Copy out the data exactly as it appears, without a single image.

--- Exercise data Enclosed Below ---

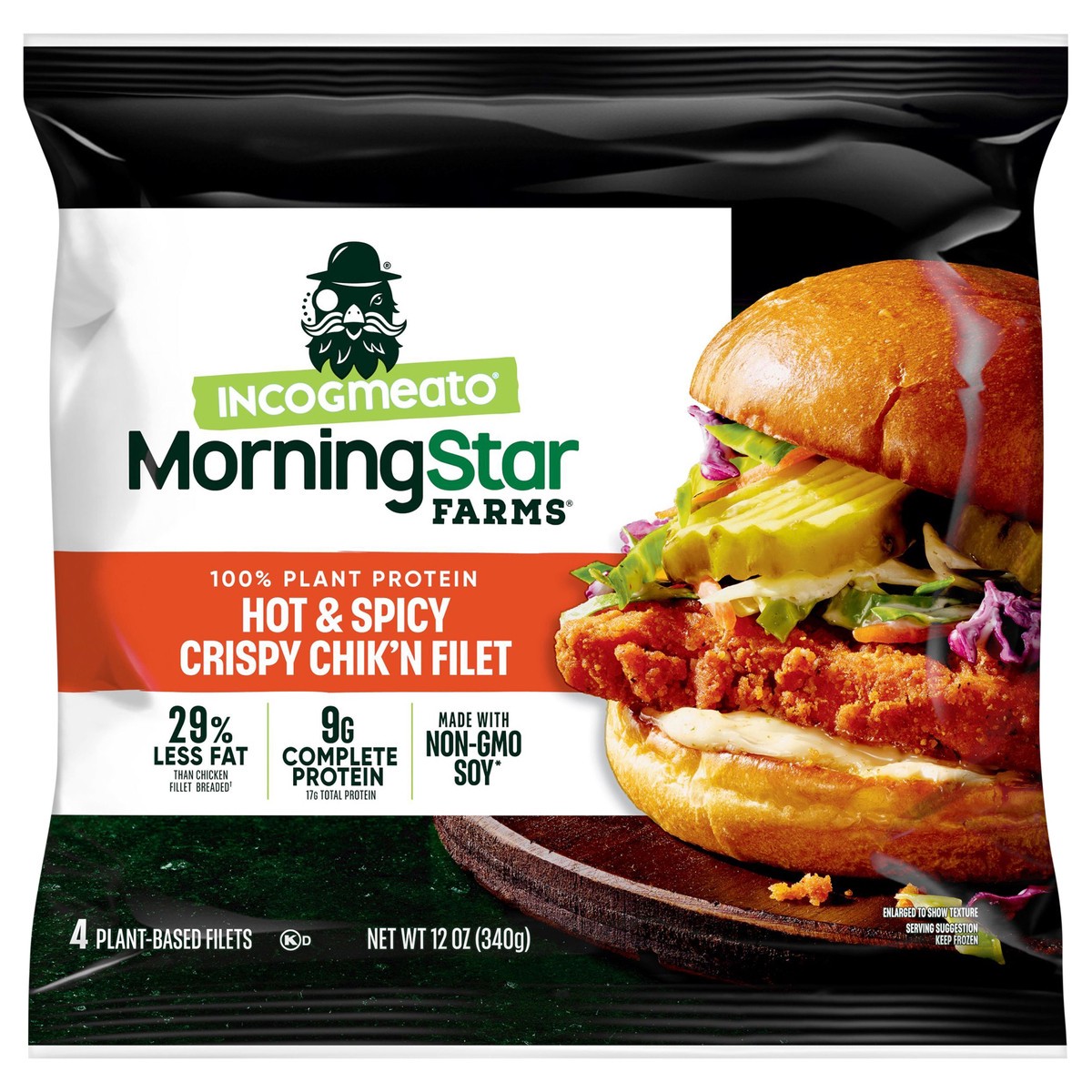 slide 1 of 2, MorningStar Farms Incogmeato Meatless Chicken Filets, Hot and Spicy, 12 oz, 4 Count, 12 oz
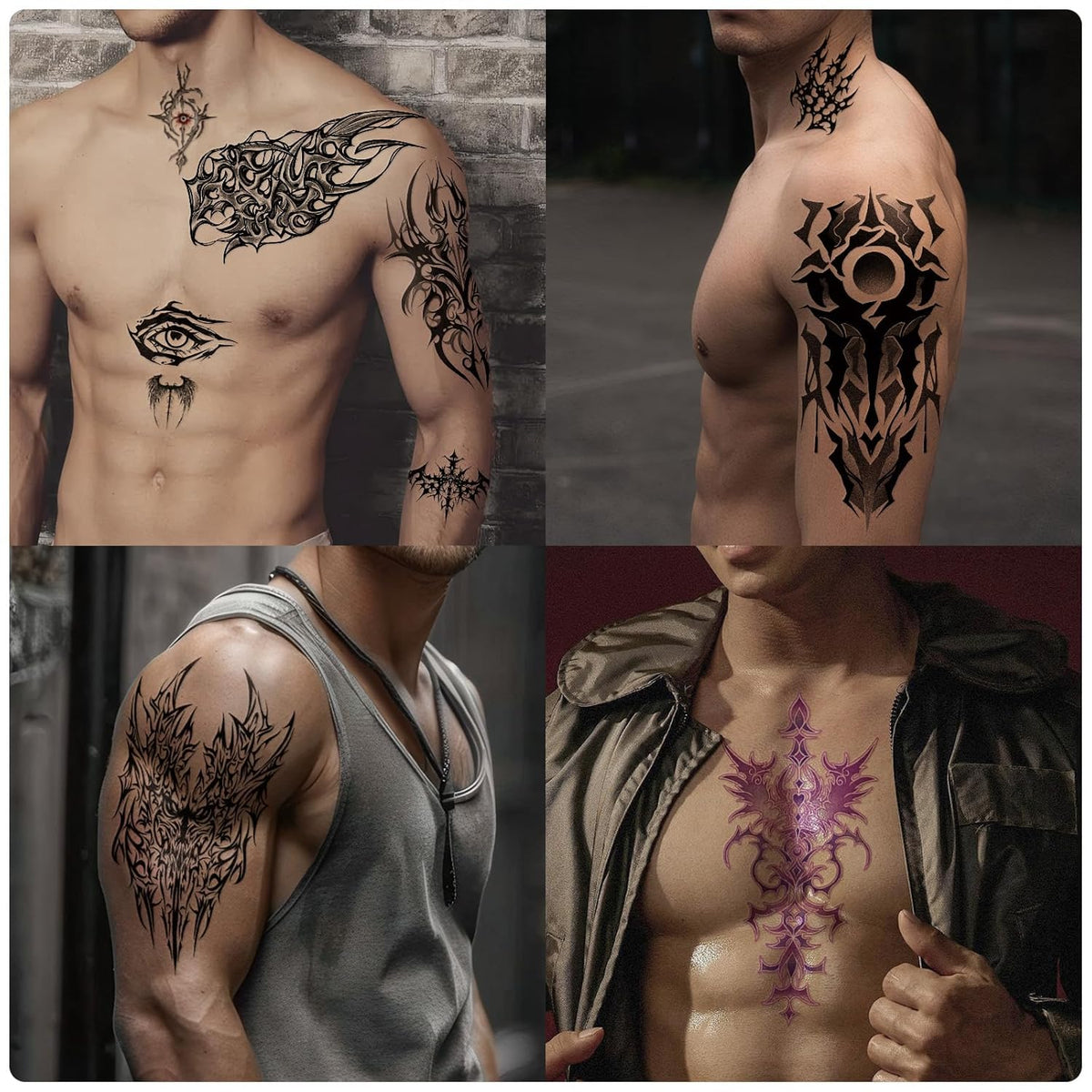 Yazhiji 77 Sheets Cyber Sigilism Temporary Tattoos Adult, 17 Sheets Cyber Seal Fake Arm Chest
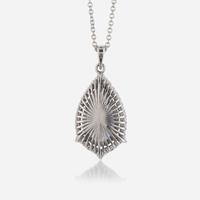A tanzanite, diamond, and eighteen karat white gold pendant and necklace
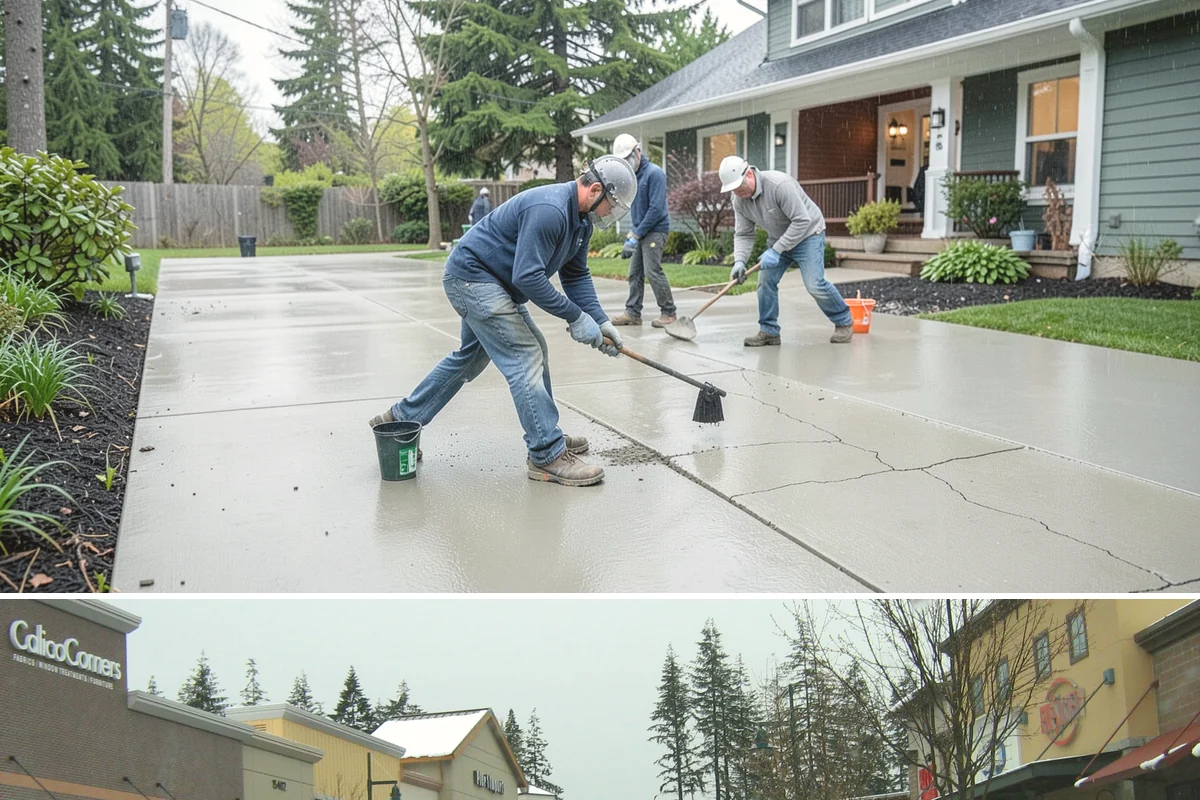 Stem Wall Construction in Mill Creek, Snohomish County, WA - Stem wall pours are scheduled around drier windows and protected from heavy rain so the concrete cures to full strength.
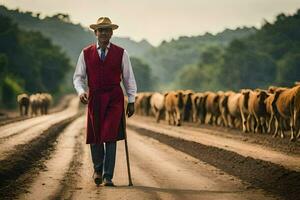 a man in a red vest and hat walking down a dirt road with cattle. AI-Generated photo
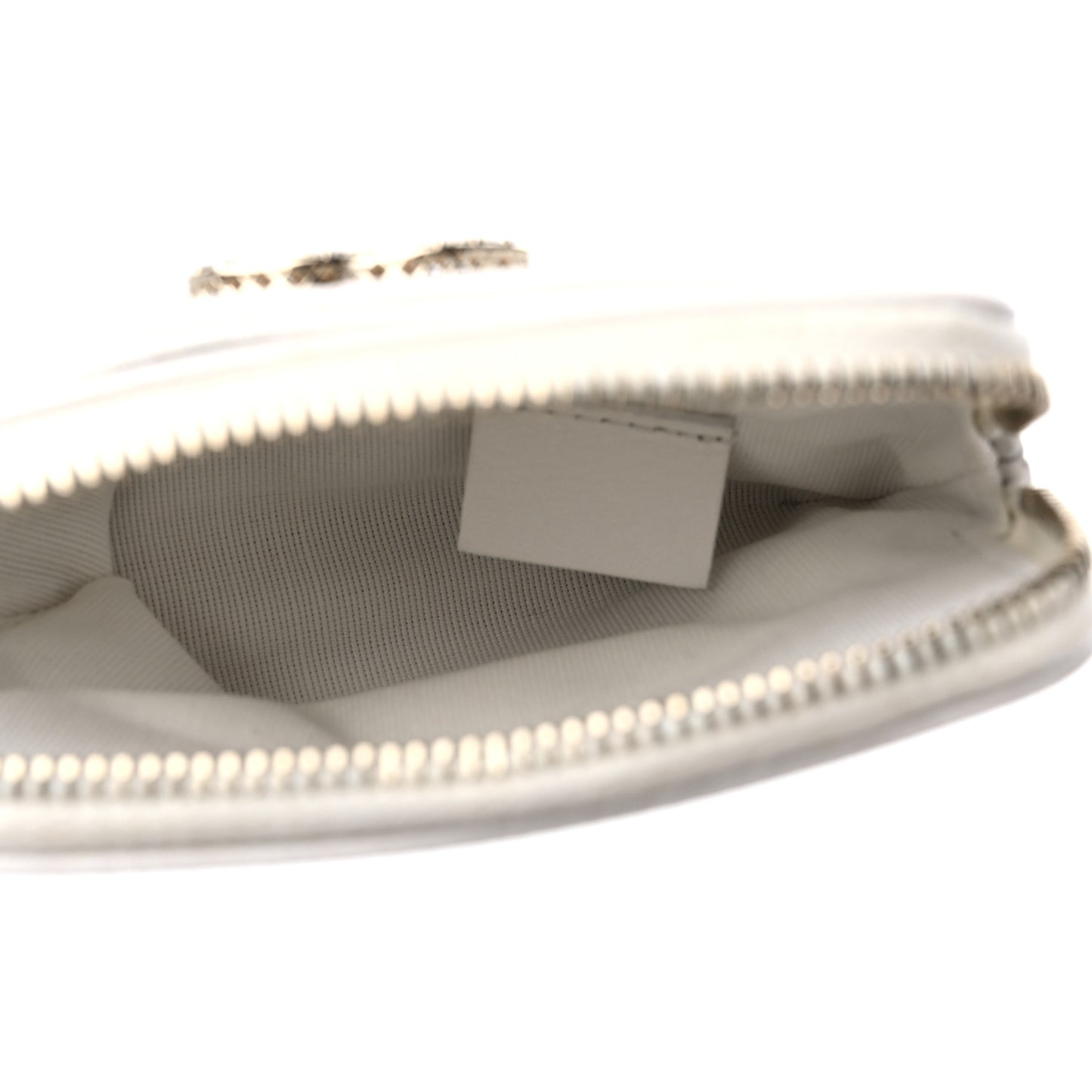 Caviar Quilted Crystal Zip Card Holder Wallet White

--- End of Enclosed Exercise data ---

■ **Expected output**:
 slide 1 of 2, MorningStar Farms Incogmeato Meatless Chicken Filets, Hot and Spicy, 12 oz, 4 Count, 12 oz
 Yazhiji 77 Sheets Cyber Sigilism Temporary Tattoos Adult, 17 Sheets Cyber Seal Fake Arm Chest
A tanzanite, diamond, and eighteen karat white gold pendant and necklace
 Stem Wall Construction in Mill Creek, Snohomish County, WA - Stem wall pours are scheduled around drier windows and protected from heavy rain so the concrete cures to full strength.
 a man in a red vest and hat walking down a dirt road with cattle. AI-Generated photo
 Caviar Quilted Crystal Zip Card Holder Wallet White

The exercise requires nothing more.